• **What the task asks**:
Send back all the data below, exactly as given.

• **Available data**:

▼

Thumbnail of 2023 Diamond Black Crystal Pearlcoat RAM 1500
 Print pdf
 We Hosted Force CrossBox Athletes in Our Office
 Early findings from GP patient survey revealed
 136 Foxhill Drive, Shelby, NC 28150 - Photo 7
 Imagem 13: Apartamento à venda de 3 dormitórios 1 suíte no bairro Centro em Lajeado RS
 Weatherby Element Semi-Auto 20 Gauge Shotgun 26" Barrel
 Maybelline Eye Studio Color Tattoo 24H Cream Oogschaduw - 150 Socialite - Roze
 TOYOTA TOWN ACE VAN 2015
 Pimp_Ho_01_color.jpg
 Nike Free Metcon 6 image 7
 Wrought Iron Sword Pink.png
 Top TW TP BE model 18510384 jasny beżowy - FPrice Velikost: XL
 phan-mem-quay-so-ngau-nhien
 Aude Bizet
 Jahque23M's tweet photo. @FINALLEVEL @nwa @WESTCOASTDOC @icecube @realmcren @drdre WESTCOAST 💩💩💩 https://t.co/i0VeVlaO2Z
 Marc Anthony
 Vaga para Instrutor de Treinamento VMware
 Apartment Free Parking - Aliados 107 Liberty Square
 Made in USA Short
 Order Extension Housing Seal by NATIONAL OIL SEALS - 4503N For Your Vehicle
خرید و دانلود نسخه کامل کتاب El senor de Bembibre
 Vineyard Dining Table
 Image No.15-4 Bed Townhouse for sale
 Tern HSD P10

▲

• **Solution for this task**:
Thumbnail of 2023 Diamond Black Crystal Pearlcoat RAM 1500
 Print pdf
 We Hosted Force CrossBox Athletes in Our Office
 Early findings from GP patient survey revealed
 136 Foxhill Drive, Shelby, NC 28150 - Photo 7
 Imagem 13: Apartamento à venda de 3 dormitórios 1 suíte no bairro Centro em Lajeado RS
 Weatherby Element Semi-Auto 20 Gauge Shotgun 26" Barrel
 Maybelline Eye Studio Color Tattoo 24H Cream Oogschaduw - 150 Socialite - Roze
 TOYOTA TOWN ACE VAN 2015
 Pimp_Ho_01_color.jpg
 Nike Free Metcon 6 image 7
 Wrought Iron Sword Pink.png
 Top TW TP BE model 18510384 jasny beżowy - FPrice Velikost: XL
 phan-mem-quay-so-ngau-nhien
 Aude Bizet
 Jahque23M's tweet photo. @FINALLEVEL @nwa @WESTCOASTDOC @icecube @realmcren @drdre WESTCOAST 💩💩💩 https://t.co/i0VeVlaO2Z
 Marc Anthony
 Vaga para Instrutor de Treinamento VMware
 Apartment Free Parking - Aliados 107 Liberty Square
 Made in USA Short
 Order Extension Housing Seal by NATIONAL OIL SEALS - 4503N For Your Vehicle
خرید و دانلود نسخه کامل کتاب El senor de Bembibre
 Vineyard Dining Table
 Image No.15-4 Bed Townhouse for sale
 Tern HSD P10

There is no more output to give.